Hi,
currently I'm writing my Bachelorthesis about Lucene. I searched for
theoretical information for example about the IRmodel Lucene uses, but
I couldn't find anything so I had to figure it out on my own.
I think Lucene uses the vector space model with a variation of the
cosine measure (cosine measure is described in "modern information
retrieval"): Instead of a division by the length of the documentvector
it divides the score by the fieldNorm. So, the scoring formula can be
written as:
score(d,q)=sum (i=1 to t) ( wid* wiq/(sqrt(m)*q) )
t: number of distinct terms in the collection
wid: weight of term i in document d
wiq: weight of term i in the query
m: total number of terms in the field (sqrt(m)=fieldNorm)
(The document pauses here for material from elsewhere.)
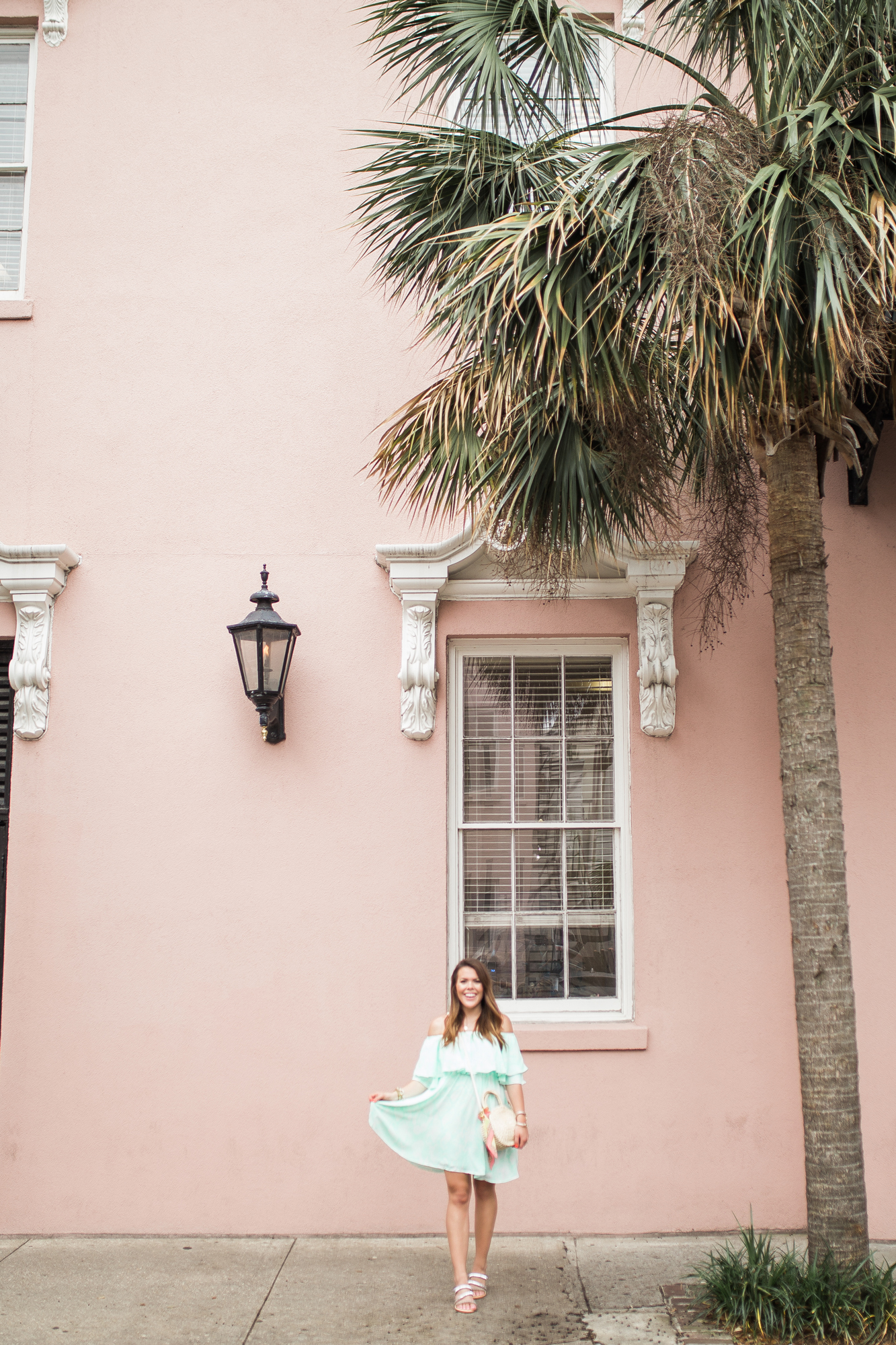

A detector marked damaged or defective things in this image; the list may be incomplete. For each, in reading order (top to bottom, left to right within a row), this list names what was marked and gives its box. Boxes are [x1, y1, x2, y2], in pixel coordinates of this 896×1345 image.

sidewalk crack [241, 1237, 293, 1345] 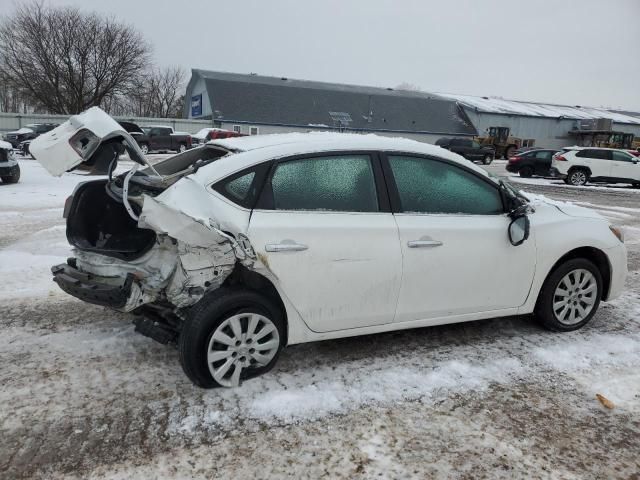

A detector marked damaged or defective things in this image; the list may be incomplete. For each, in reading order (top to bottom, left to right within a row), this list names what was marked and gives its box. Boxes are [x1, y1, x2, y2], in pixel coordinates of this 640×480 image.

severe rear damage [30, 109, 260, 342]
q: length of queryvector q
The weight wid is the product of idf and tf. The weight wiq is just
idf. So the only difference to the cosine measure is the use of sqrt(m)
instead of the length of the documentvector, isn't it? Why? Is it too
difficult to compute this length?
Has anyone tried an index based on ngrams?
Thanks
Barbara
PS: Probably I will have more questions about Lucene in the next weeks :)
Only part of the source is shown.